We Brits do seem to win the Euromillions more than seems reasonable for a pan-European competition, but then we probably buy more than our fair share of tickets. A chap I was at school with won about 50 (very) big ones on it fairly recently. He’d been working as a handyman – no longer. We were friendly for a couple of teenage years but not so much that I felt able to send him congratulations out of the blue, let alone touch him for a few quid. It was certainly out of the question when I recalled our last contact had been marred by a row about a girl during which his brother was hit on the nose. A tricky situation to retrieve.

***

As it happens, the bar owner’s imprecations were well-aimed: his British customer was Alistair Campbell (one-time adviser to prometheus of the Olympic flame, Tony Blair). This part of France is fairly chocker with what we might describe as the international Kinnockariat. Surrounded by stunningly good value caves cooperatives, immaculate communal tennis courts and shops stuffed with the delicious but subsidised produce of local farmers you do begin to wonder whether the state’s redeploying more than 50% of a country’s wealth isn’t such a bad idea. We may begin to find out more once the bond traders return to their desks next month.

***

The remarkably well-preserved local Roman ruins remind one that fifteen centuries ago this prosperous and civilised province was knocked to bits by a previous set of barbarians. But, of course, you don’t need to go back that far for a vicarious taste of apocalypse, as yesterday’s visit to a semi-restored medieval chateau demonstrated. The place had been ruined twice over, most recently by the Wehrmacht: walls were still blackened by fires set off by grenade blasts.

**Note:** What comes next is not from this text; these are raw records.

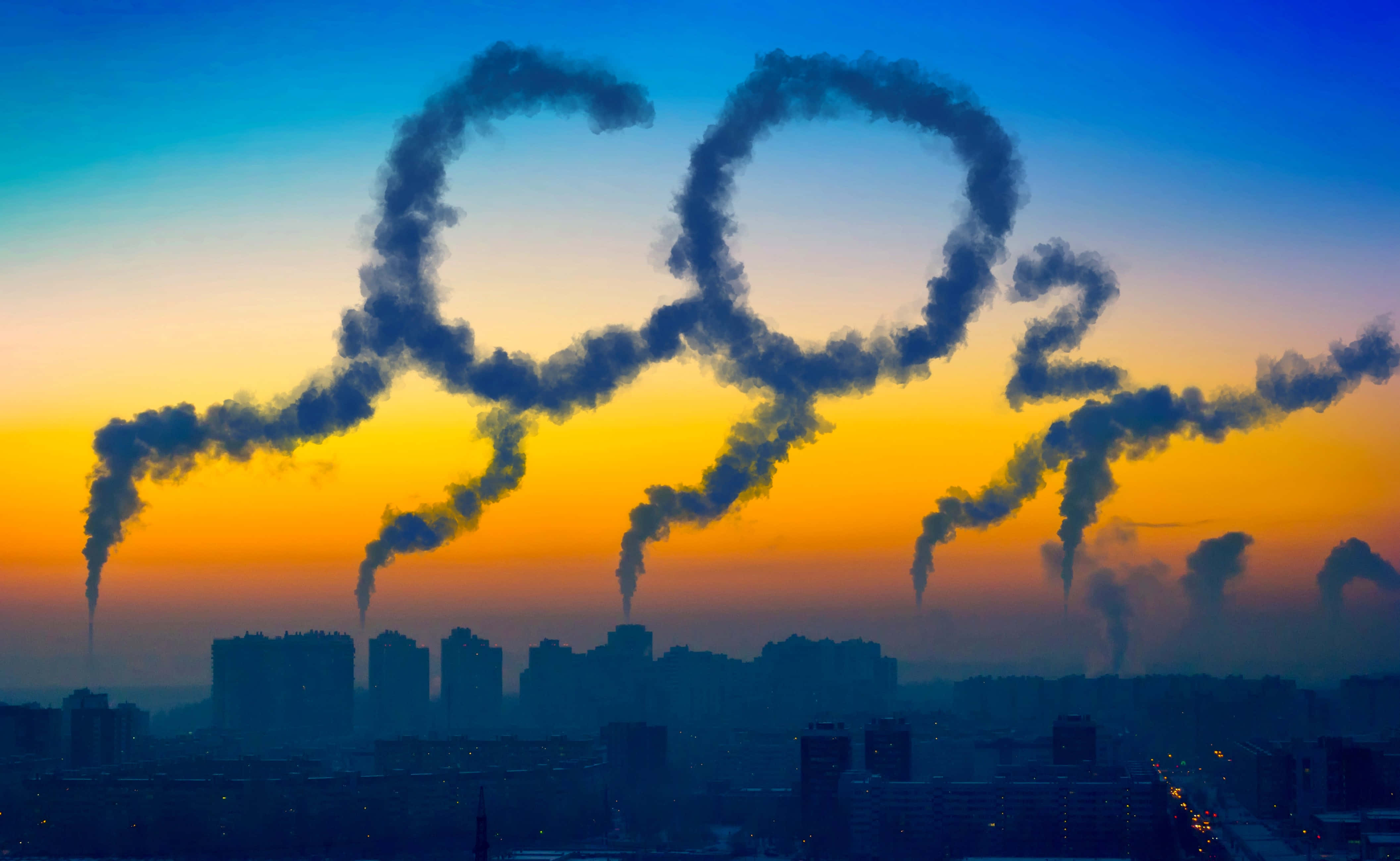 Carbon Footprint 桌布 壁紙 — 工業煙囪的煙霧在城市景觀上方的 vibrant 日落天空背景下形成一個 CO2 分子。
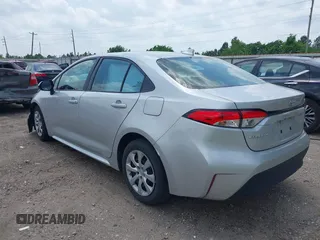 2023 Toyota Corolla LE with VIN 5YFB4MDE7PP015928, listed as a IAAI auction lot 42115319 with 60,434 mi miles. Bid and sale history available at carsss.com. Image 3.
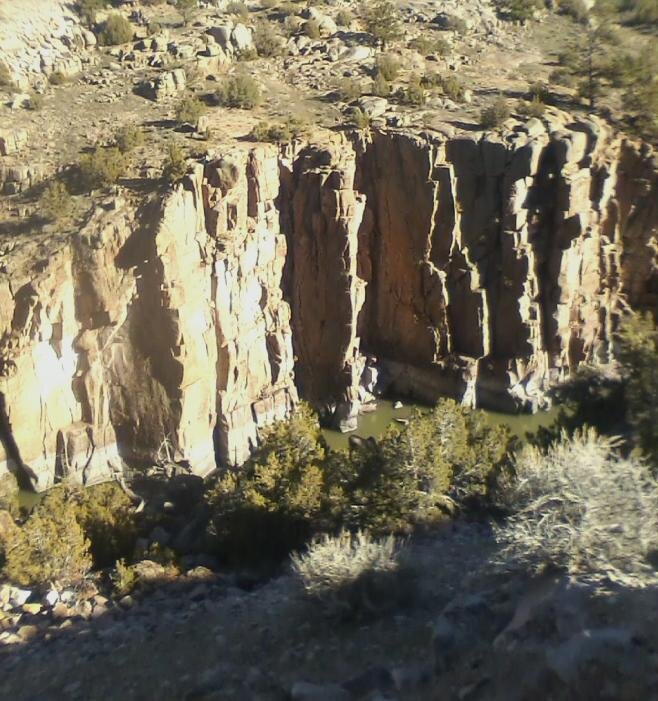 27- on the road  above the cliffs that fall at least 700 feet to the river, you can see the high.jpg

The previous round of depredations had been perpetrated by the revolutionaries of 1789. A note next to one chipped but still massive stone fireplace related it was the chateau’s only survivor, the others having been destroyed by the pillaging peasants. A little while later we were down in the surrounding village, investigating the cool interior of an antique olive oil mill. Presses against the far wall were framed by beautifully dressed, substantial stone columns and lintels. Carved on, as it were, the mantlepiece of the central nook was a date: 1792. If only ancien regimes were always so productively recycled.

Dabbler Diary is brought to you by Glengoyne single malt whisky – the Dabbler’s choice.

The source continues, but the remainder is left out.